Yeah. Depends on their mood that day, I guess. But I was like, it’s not necessarily what you see, it’s what you’re seeing with. So when consciousness is played with, it makes you aware of the play of consciousness. And there’s that great TED talk about the hallucinations we’re having right now that we agree on. The hallucination we agree on is what we call reality.

So what is your conception of God now, as opposed to your evangelical days?

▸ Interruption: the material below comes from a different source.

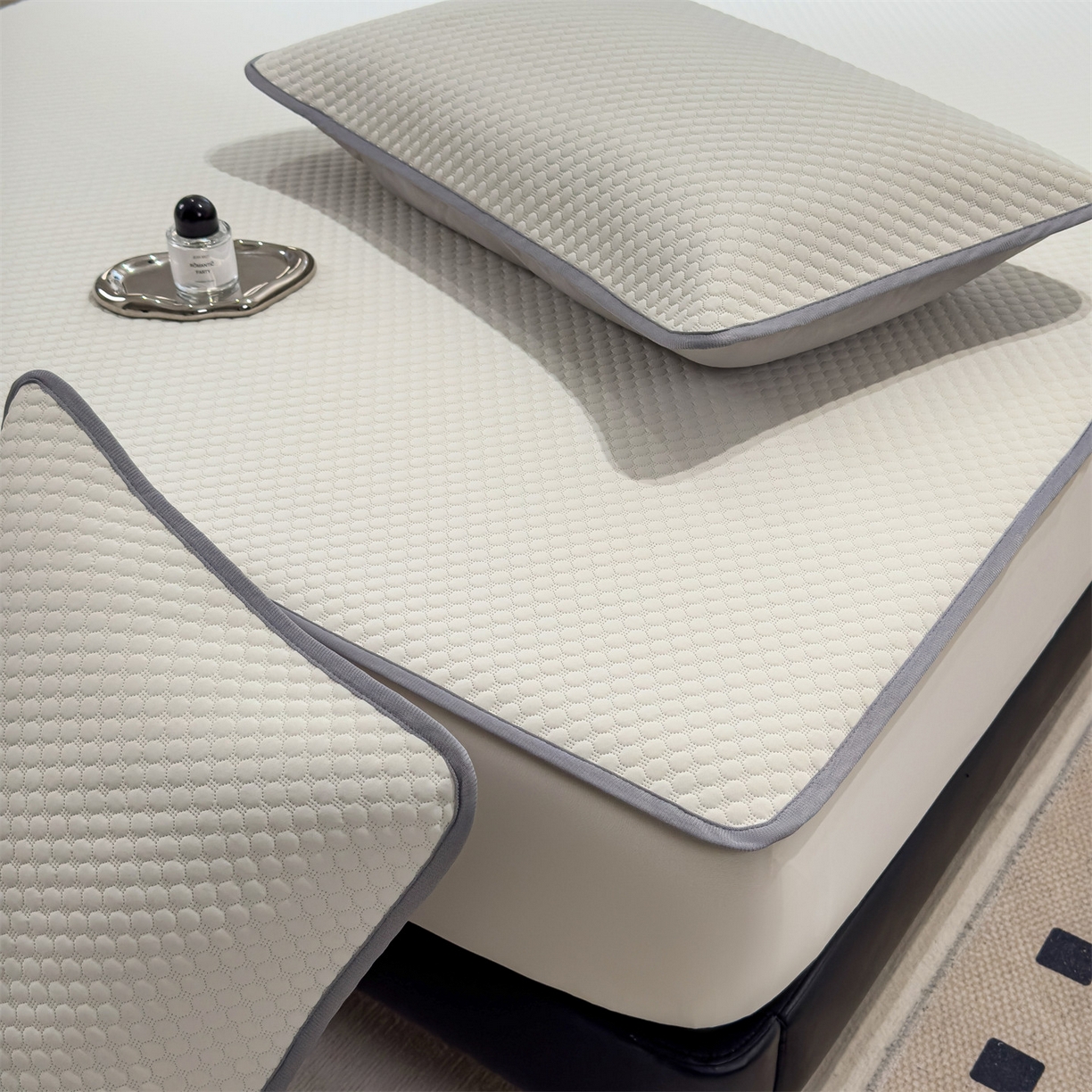 91家纺网 家纺一手货源 找家纺 乐家欣 2025新款A类5A抗菌级针织豆豆床笠系列 豆豆床笠-奶昔白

I see God is as awareness. And it’s something that we’re not equal to, but that we’re participating with. And the best chance we have at experiencing it and feeling it is not just having an ecstatic experience. It’s finding your dignified, inherent place in its flow, through using myth, metaphor, ritual, chanting, meditation. We’re trying to wake up not just to a new set of beliefs, but to our place in the river. And there’s all this resistance. And that’s all ego stuff. And there’s all these all these, like, you know, headaches and whatever. And when we’re quiet, and when we quiet that stuff down, and we can feel and identify with our piece of “divine awareness” then that’s when you’ll kind of find your flow.